Data block:
╔══
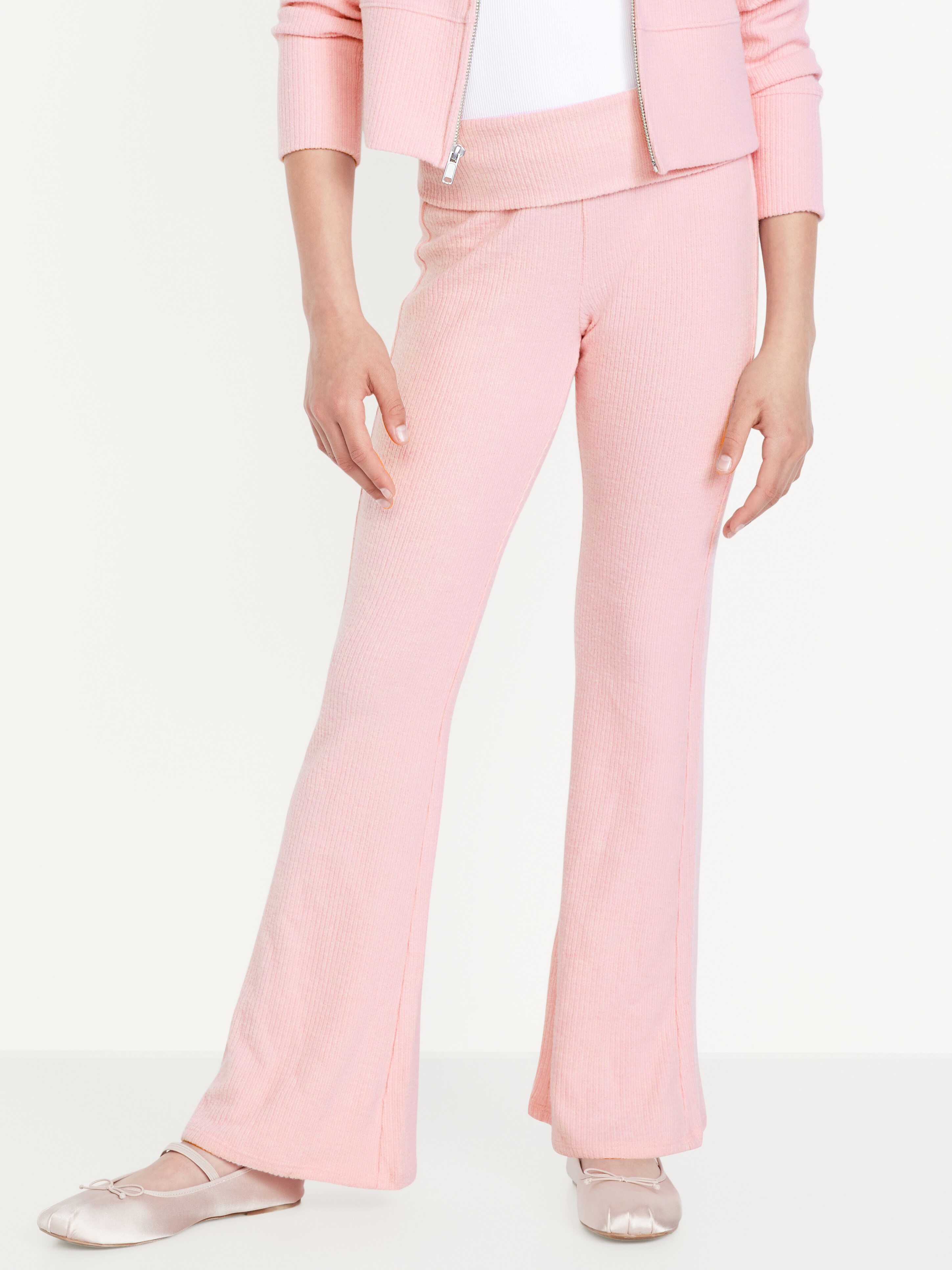 CozePlush Foldover Flare Leggings for Girls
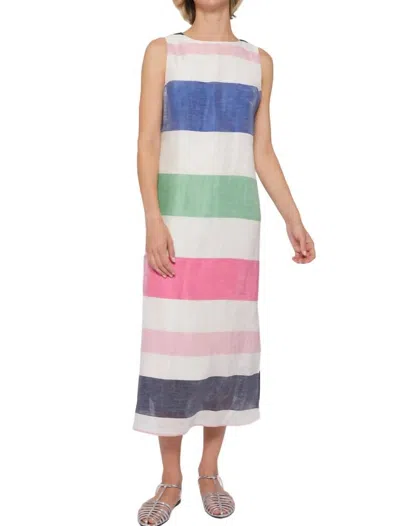 Vilagallo Liana Dress In Multicolor Stripes In Gold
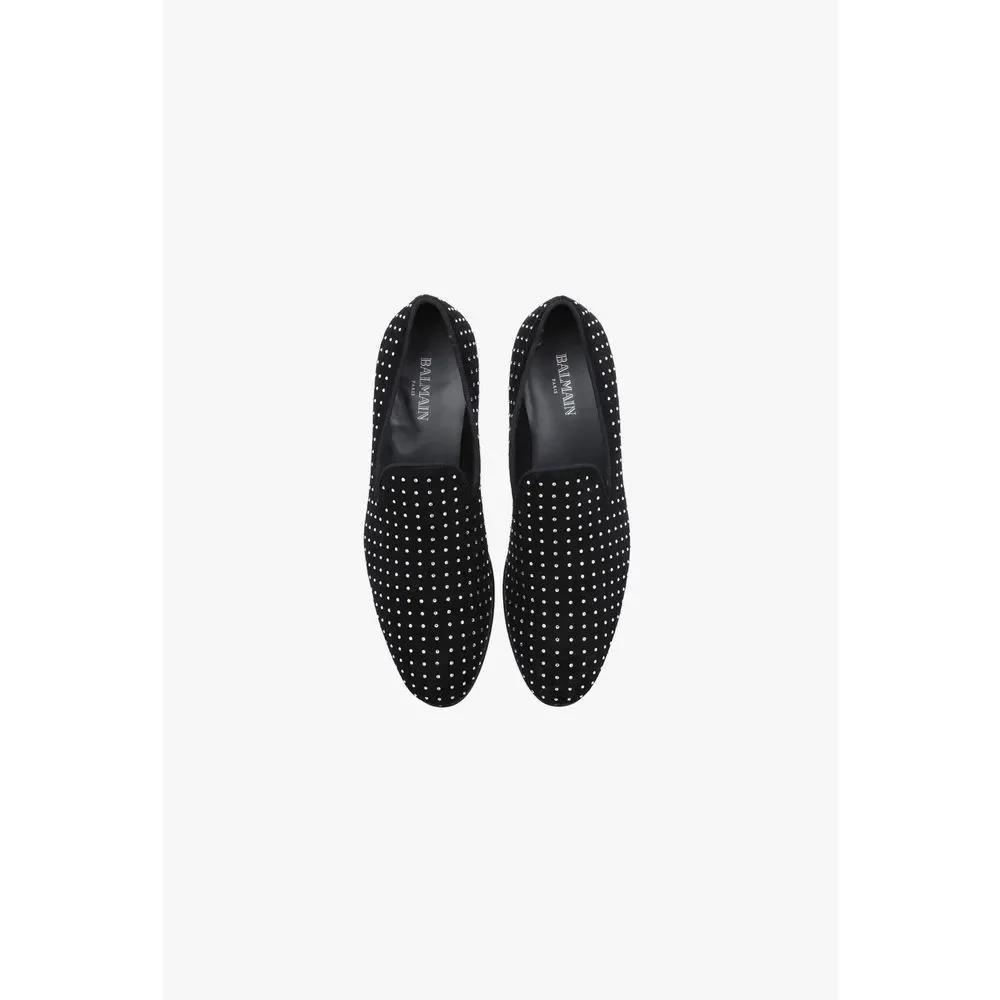 BALMAIN Matt Suede Crystal/Rhinestone Embellished/Studded Loafer/Shoes~EU44~$980 - Picture 4 of 9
╚══
What is being asked: Return the material word for word, images omitted.

Solution to this problem:
 CozePlush Foldover Flare Leggings for Girls
 Vilagallo Liana Dress In Multicolor Stripes In Gold
 BALMAIN Matt Suede Crystal/Rhinestone Embellished/Studded Loafer/Shoes~EU44~$980 - Picture 4 of 9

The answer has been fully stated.